──────── Data to process

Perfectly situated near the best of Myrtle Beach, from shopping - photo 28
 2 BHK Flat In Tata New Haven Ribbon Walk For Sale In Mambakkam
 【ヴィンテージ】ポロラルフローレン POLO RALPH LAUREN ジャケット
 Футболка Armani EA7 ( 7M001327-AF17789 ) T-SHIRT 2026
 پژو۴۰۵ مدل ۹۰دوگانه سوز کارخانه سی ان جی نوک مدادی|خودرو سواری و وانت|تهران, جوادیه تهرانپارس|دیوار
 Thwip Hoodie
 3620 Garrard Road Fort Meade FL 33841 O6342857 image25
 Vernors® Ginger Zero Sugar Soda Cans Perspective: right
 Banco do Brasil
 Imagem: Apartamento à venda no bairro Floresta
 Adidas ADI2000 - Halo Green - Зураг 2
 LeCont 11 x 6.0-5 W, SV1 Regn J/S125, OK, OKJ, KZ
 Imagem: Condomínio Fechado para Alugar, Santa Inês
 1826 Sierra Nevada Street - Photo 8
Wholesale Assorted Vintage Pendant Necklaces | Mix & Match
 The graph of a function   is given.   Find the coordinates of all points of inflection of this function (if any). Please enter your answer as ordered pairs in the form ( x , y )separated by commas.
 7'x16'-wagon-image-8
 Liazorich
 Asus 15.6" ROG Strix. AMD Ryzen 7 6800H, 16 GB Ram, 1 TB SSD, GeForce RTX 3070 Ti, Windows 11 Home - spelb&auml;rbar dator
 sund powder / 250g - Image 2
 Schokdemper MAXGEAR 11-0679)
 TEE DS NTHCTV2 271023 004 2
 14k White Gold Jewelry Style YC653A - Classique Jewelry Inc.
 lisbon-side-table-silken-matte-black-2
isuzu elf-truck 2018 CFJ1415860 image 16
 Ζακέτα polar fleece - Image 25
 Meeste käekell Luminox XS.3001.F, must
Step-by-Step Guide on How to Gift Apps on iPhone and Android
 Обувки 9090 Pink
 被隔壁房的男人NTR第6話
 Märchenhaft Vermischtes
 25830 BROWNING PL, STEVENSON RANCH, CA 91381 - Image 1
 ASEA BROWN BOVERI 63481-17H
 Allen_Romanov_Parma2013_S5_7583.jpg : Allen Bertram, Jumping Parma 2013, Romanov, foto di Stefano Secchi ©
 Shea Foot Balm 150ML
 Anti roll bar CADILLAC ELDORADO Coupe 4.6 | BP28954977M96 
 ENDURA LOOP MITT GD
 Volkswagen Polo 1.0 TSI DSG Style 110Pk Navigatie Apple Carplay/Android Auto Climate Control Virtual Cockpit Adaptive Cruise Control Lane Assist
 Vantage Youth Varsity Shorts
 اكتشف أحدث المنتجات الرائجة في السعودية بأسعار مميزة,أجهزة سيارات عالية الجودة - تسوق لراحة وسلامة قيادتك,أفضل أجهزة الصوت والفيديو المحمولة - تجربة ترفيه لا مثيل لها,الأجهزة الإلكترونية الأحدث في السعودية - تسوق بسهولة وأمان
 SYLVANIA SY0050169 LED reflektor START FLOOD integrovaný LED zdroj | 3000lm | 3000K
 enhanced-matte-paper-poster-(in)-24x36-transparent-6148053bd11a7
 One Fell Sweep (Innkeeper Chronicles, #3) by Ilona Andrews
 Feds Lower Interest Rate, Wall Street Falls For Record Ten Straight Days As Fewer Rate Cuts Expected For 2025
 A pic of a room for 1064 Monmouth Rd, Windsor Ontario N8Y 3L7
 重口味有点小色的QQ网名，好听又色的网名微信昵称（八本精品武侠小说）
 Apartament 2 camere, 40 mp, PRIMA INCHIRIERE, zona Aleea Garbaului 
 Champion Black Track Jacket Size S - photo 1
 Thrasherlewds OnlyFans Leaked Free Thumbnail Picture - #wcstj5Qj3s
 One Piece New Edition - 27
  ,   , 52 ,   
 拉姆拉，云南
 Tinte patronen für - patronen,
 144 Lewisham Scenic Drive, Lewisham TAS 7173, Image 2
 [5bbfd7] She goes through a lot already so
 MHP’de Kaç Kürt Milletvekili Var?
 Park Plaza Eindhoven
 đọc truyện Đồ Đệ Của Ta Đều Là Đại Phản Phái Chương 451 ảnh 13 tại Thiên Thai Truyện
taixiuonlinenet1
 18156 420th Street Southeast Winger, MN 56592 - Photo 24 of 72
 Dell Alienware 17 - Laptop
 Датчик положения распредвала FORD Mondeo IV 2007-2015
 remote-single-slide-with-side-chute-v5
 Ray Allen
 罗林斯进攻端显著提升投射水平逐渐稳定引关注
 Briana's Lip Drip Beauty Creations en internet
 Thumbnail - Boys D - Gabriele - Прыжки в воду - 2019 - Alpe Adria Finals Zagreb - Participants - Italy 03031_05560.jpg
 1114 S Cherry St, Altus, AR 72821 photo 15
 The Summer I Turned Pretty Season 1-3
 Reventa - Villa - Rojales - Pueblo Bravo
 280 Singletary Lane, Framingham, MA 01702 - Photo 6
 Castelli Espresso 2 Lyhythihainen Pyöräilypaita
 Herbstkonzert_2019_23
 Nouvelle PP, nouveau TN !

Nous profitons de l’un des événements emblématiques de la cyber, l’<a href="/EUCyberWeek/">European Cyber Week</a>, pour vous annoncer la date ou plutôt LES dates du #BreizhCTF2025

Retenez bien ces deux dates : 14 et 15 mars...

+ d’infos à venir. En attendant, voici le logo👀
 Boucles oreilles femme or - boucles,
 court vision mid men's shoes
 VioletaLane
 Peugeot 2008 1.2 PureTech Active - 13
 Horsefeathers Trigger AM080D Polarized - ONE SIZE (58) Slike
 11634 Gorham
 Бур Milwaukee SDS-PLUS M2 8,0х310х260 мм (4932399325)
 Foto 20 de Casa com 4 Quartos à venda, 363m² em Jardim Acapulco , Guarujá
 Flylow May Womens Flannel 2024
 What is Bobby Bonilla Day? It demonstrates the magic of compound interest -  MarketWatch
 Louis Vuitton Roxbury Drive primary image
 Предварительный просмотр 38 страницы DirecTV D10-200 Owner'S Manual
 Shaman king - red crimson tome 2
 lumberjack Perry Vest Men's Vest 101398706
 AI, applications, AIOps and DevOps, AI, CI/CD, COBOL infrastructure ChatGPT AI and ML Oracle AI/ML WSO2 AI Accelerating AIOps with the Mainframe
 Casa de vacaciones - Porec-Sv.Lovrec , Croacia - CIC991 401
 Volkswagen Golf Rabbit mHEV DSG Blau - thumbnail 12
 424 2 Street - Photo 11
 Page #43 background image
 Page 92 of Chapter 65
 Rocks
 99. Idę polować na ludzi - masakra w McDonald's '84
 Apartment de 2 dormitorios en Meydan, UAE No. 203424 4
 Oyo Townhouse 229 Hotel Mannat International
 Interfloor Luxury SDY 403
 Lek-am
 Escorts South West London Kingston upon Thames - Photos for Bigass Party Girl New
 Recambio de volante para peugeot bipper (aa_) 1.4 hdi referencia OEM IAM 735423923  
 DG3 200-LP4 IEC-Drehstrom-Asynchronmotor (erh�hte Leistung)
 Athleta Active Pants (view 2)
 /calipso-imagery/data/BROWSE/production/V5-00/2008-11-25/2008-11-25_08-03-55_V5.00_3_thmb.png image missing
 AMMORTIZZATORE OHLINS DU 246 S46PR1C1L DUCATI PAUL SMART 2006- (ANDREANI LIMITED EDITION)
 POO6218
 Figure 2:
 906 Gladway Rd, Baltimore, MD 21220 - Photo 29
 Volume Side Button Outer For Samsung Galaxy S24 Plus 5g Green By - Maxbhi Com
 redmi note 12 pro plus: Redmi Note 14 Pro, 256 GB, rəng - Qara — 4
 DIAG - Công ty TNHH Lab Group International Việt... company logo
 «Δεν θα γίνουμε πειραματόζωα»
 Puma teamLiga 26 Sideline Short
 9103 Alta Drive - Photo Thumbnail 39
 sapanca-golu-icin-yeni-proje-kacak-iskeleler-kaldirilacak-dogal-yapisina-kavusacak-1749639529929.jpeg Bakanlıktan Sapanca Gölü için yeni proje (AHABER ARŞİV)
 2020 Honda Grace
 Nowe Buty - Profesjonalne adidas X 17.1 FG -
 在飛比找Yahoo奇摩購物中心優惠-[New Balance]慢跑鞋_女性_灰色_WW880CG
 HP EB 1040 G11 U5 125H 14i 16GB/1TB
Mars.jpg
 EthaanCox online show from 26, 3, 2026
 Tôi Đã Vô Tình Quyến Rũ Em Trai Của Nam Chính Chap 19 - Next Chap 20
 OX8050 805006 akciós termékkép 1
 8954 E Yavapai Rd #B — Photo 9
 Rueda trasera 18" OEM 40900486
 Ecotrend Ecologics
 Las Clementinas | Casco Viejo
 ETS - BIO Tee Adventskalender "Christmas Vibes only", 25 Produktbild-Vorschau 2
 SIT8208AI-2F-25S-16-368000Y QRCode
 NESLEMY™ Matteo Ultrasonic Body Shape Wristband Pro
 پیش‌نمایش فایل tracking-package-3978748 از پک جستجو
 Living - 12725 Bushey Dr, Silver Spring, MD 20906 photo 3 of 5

────────────────

→ Work task: Find each line above that contains "Volkswagen", and copy those lines.

→ Task answer:
 Volkswagen Polo 1.0 TSI DSG Style 110Pk Navigatie Apple Carplay/Android Auto Climate Control Virtual Cockpit Adaptive Cruise Control Lane Assist
 Volkswagen Golf Rabbit mHEV DSG Blau - thumbnail 12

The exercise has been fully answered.